TesseractA commented 4 years ago

has anyone tried to use NNUE in FRC? doesn't seem to work for some.

rooklift commented 4 years ago

Hmm worked OK for me here: https://lichess.org/yV7J1imd

vondele commented 4 years ago

I haven't tried but in principle it should work. NNUE only touches eval. Also the classical eval had almost no special handling of FRC (one term if I recall correctly).

gekkehenker commented 4 years ago

In my experience NNUE will play some FRC positions and crash in the rest.

vondele commented 4 years ago

hmm, will be the added code in position that might wrong in that case.

protonspring commented 4 years ago

I am behind the times. . . is this really ~90 ELO better than master on the same hardware?

MichaelB7 commented 4 years ago

Correct - this will be a 100+ Elo gain merge or so - give or take a few Elo.

The mother of all merges.

gekkehenker commented 4 years ago

I am behind the times. . . is this really ~90 ELO better than master on the same hardware?

90 elo conservatively.

On a modern CPU with normal LTC conditions and a PGO build it's a bit stronger than that ;)

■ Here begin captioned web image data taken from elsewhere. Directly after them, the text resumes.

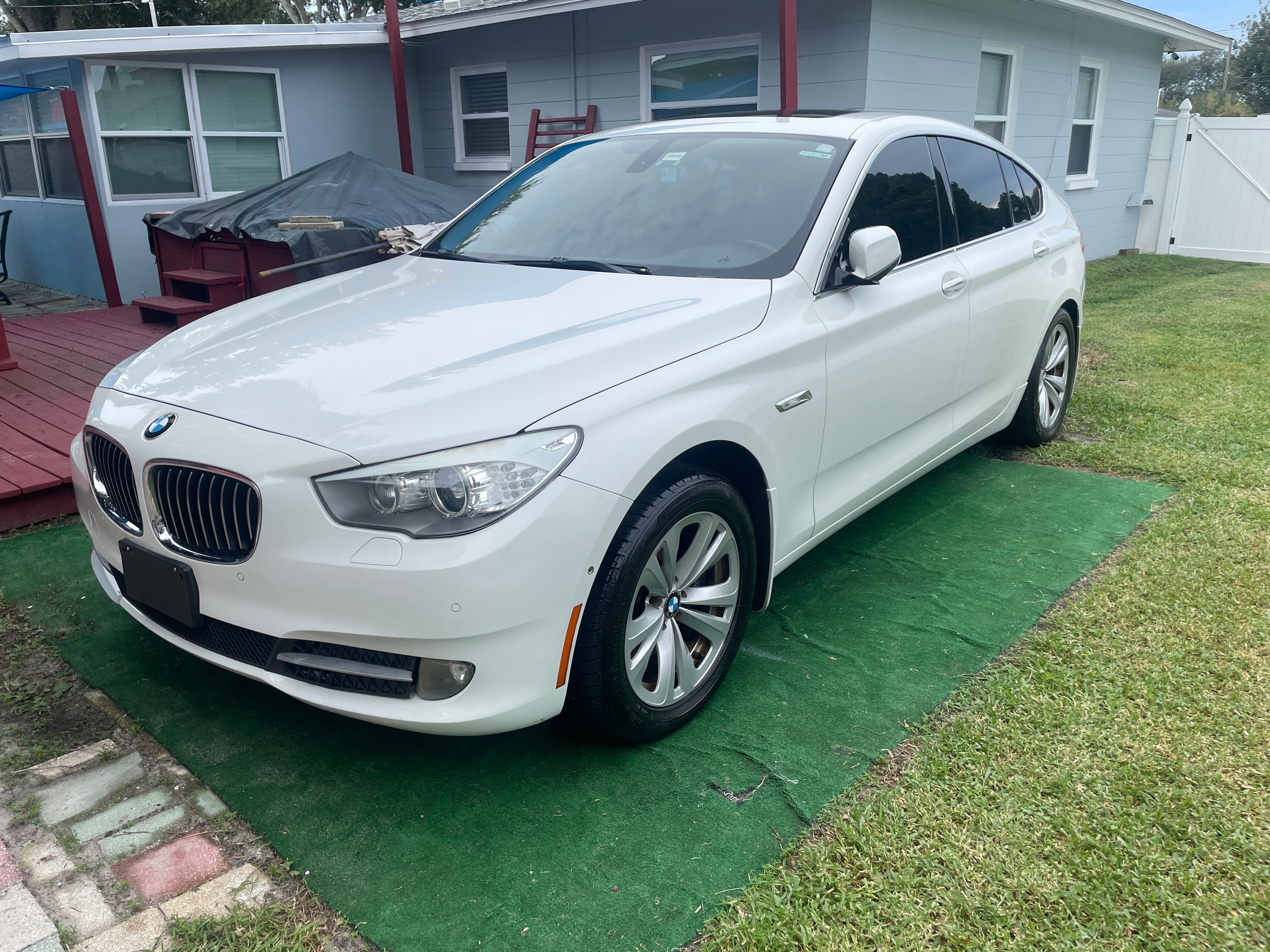 Used 2011 BMW 535i Gran Turismo RWD image 1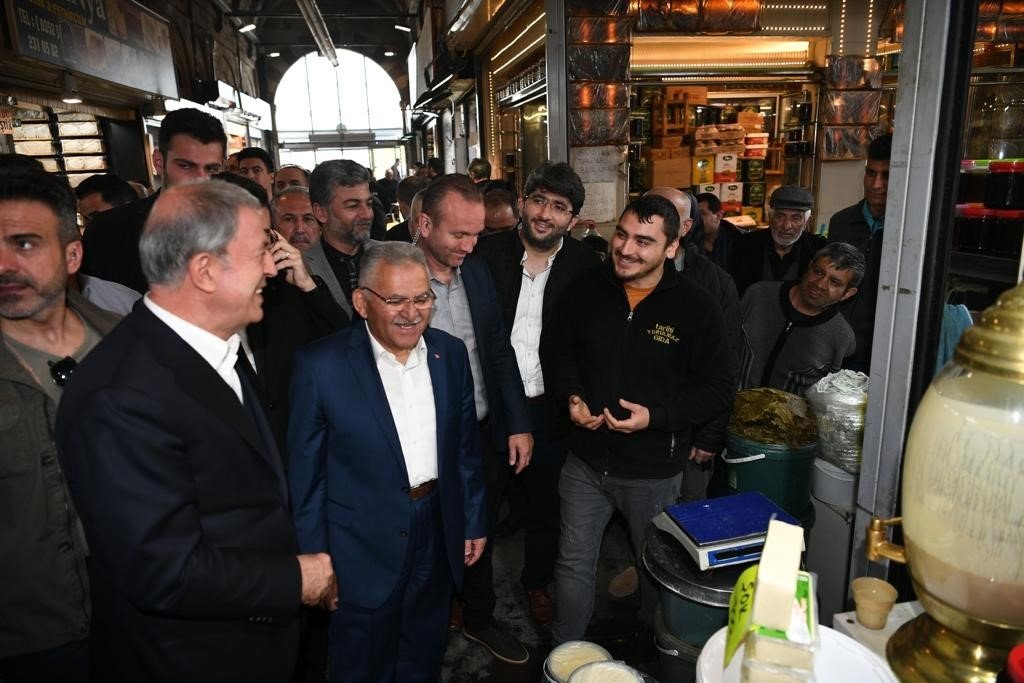 Bakan Akar Ve Başkan Büyükkılıç’tan tarihi kapalı çarşı esnafına ziyaret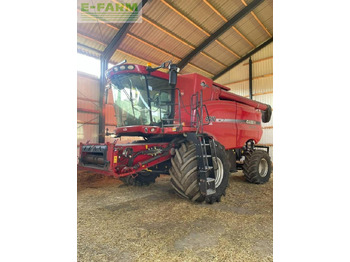 Kombájn CASE IH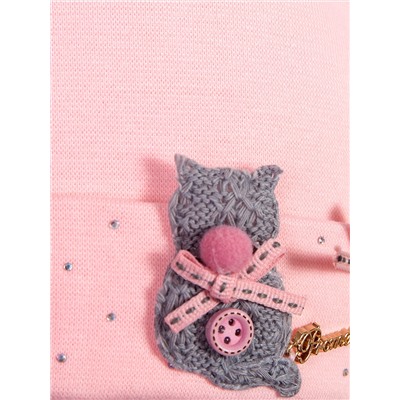 Шапка трикотажная формы лопата для девочки на отвороте стразы и розовый котик с бантиком, персиковый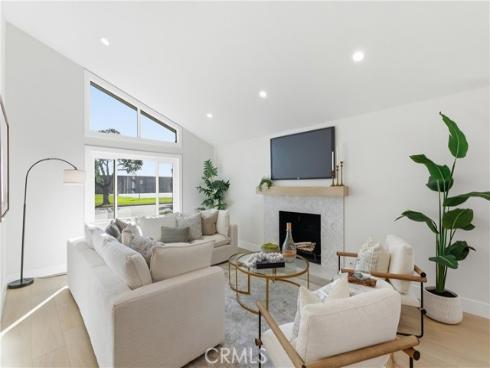 4589  Almond   Avenue, Seal Beach, CA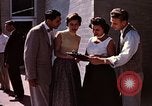 Immagine di La vita sociale degli anni cinquanta Levittown sobborgo precoce Bucks County Pennsylvania United States USA, 1959, secondo 50 filmato di repertorio 65675025922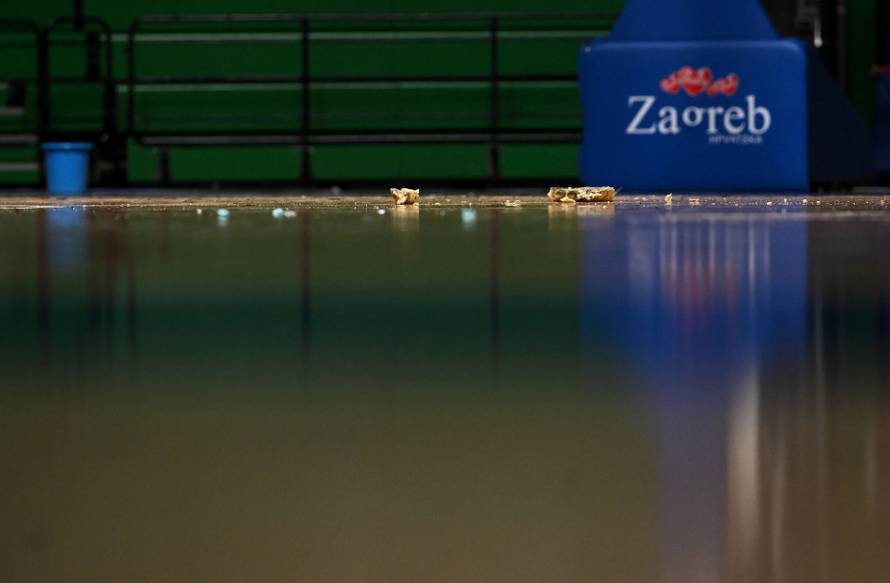 Zagreb: KC Dražen PetroviĆ nastradala u oluji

TesseractA commented 4 years ago

Note there are certain incompatibilities on old hardware that would make it significantly less efficient.

Also, there are hints there is some significant elo compression at very long time controls with increment.

Also note that contempt has yet to be implemented, which has the potential to present itself as an ELO gainer.

...ALSO note that it's likely just much stronger from the start position than it is from some many-ply-long books, but that claim has yet to be sufficiently backed up.

MichaelB7 commented 4 years ago

I would not get too excited about contempt. Contempt was designed for use against weaker engines. Against equal or stronger engine, it’s just about worthless. So the only thing contempt does is squeeze a few extra elo out of much lower rating opponents. I would be hard pressed to say contempt makes it better - it squeezes a few Elo out of weaker opponents. It falls into the realm of being a vanity of vanities.

mstembera commented 4 years ago

@MichaelB7 Not having contempt cost SF the qualification into the TCEC SuFi one season.

vondele commented 4 years ago

NNUE evaluation has been merged, I'll close this issue. Thanks for the discussion.